A journey into the past can help reveal the future which lies ahead. Rewind back to 1992- 24 years ago. Squamish, most commonly recognized as the McDonalds on the way to Whistler, had a population of 11,000. The main industry was forestry and the largest employer was Interfor. The drive to both Vancouver and Whistler was along a windy double-lane highway, scenically stunning but alarming accident prone; the drive in those days took an additional 10-15 minutes in both directions. The cost of a 3 bedroom home in Garibaldi Highlands in 1992 was $155,000. That same house today costs $800,000, that’s a remarkable increase of 416 percent.

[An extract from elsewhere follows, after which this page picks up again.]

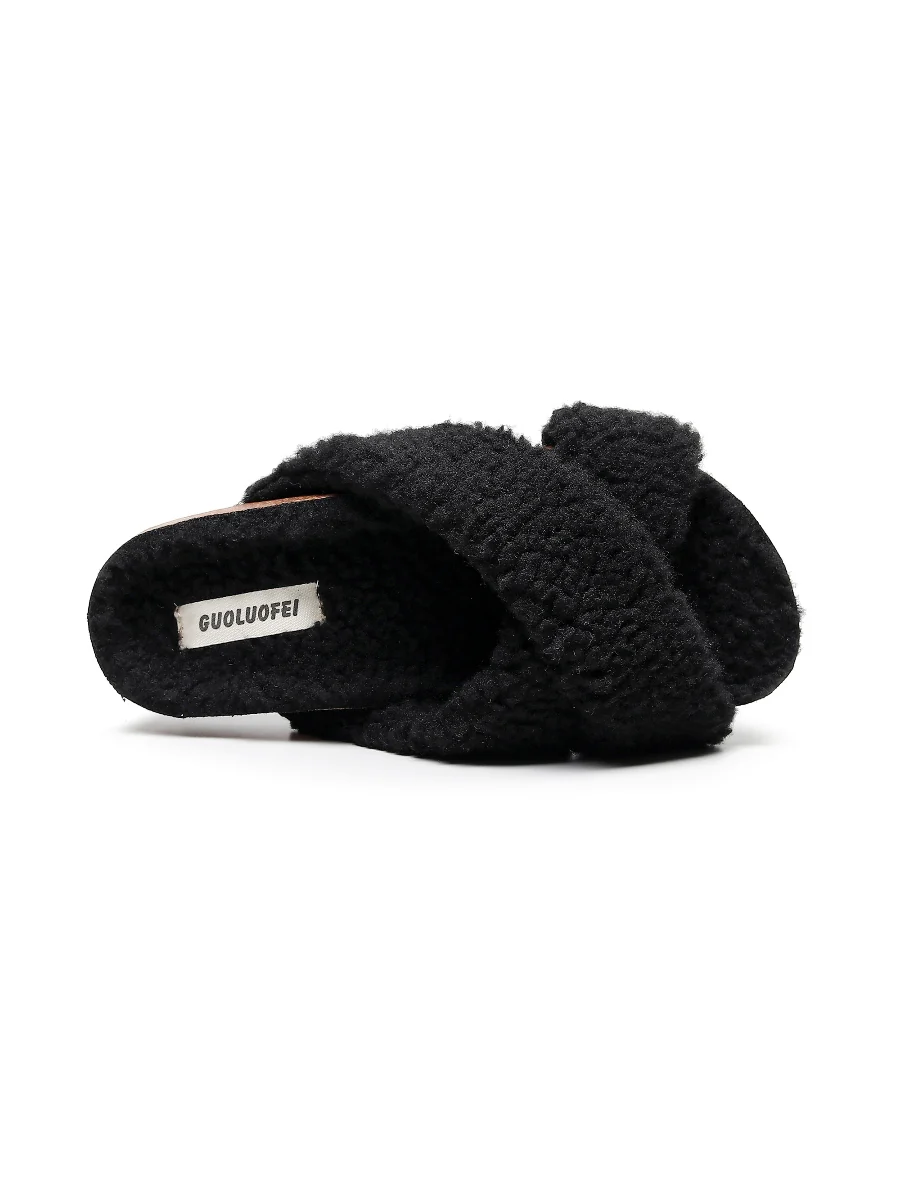Maibulun | Criss-Cross Fleece Slipper - Black - Image 4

Squamish sure has changed a lot in 24 years. Gone are the days of the Bowling Alley on 2nd Ave and the brown, orange and beige Civic Centre. The Olympic boom saw the upgrade of the Sea to Sky Highway, big box stores like Walmart and Home Depot, and Canada’s first Liberal Arts University, Quest University which constructed a campus in Garibaldi Highlands in 2007.


As the rest of the Western world tumbled into a recession, Squamish continued to surge forward with the Sea to Sky Gondola and Squamish Valley Music Festival firmly establishing Squamish on the international stage. The New York Times recently ranked Squamish as one of the top 52 places to go in 2015 and the town’s population reached 17,000 in 2011, a 14.6 percent growth from the previous census in 2006.

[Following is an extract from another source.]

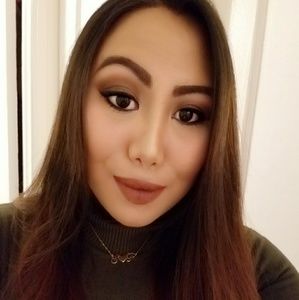 Meet your Posher, Sophia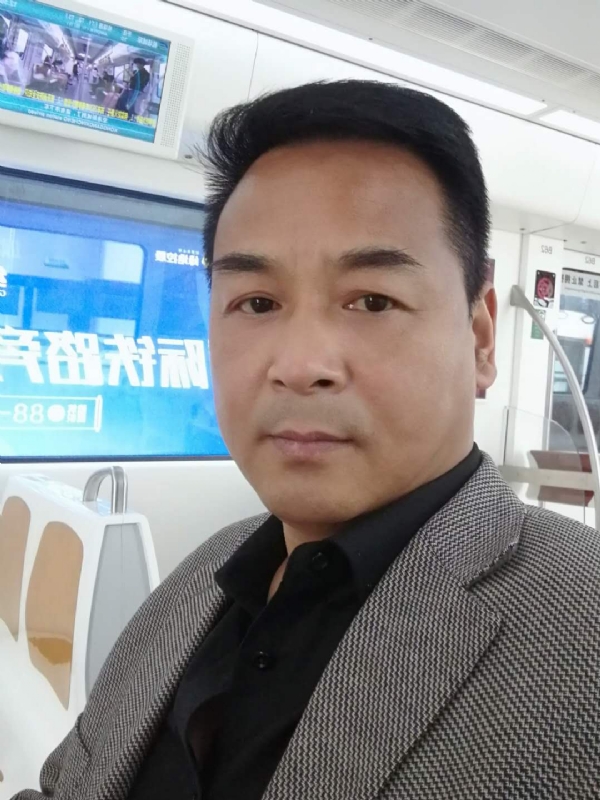 雪豹的第二张照片--新乡相亲服务中心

No longer is Squamish just a pit-stop town on the way to Whistler or a bedroom community of Vancouver. People are moving to Squamish in droves because of what it offers, not only because of what it’s close to. The rock-climbing, mountain biking and wind-surfing are drivers for both locals and tourists. The demographic shift to young families and professionals has created a youthful and vibrant energy around the town. The new Ground-Up climbing centre plus a handful of fitness centres which have sprung up in the last year are a testament to the youthful and active community that forms that majority in Squamish.


The development boom in Squamish is transforming the landscape of the town. Downtown Squamish has been inundated with condo and townhome developments as has Dentville, the Northyards and Tantalus in Garibaldi Estates; there is no sign of this development boom stopping anytime soon. The Squamish Oceanfront Project is becoming a closer reality and developments in the Cheekeye Fan and Garibaldi at Squamish could soon come to fruition. The average home price has increased 62 percent in the last 5 years and the insatiable demand for life in Squamish is only curbed by the actual inventory of properties available for out of town buyers.

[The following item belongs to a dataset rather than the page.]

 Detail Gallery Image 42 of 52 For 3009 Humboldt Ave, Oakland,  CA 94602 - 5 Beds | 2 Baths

Things sure have changed in Squamish in the last 24 years. Imagining the town in another 24 seems like an impossible feat. If the population increases at the same rate it has been there could be a total of 26,000 people in 2040. That same three bedroom home in Garibaldi Highlands if increasing at the same rate will cost 3,328,000m in 24 years. 


 If you could create your ideal Squamish in 2040 what would it look like? Do you see tourism driving the economy? What type of jobs do you envision supporting the growth of the town? What type of parks, trails, and gathering areas would you like to see? What natural resources should be preserved? How would you address the current housing affordability as we move into the future?


Thursday night’s Public Visioning Event is your chance to participate in the creation of Squamish’s future. The event is taking place at the West Coast Railway Heritage Park between 6pm and 9pm. If you can’t make the event there is an online questionnaire available.  It’s is exciting times here in Squamish, and although I can’t predict what 2040 will look like, I don’t think the excitement will be slowing down anytime soon.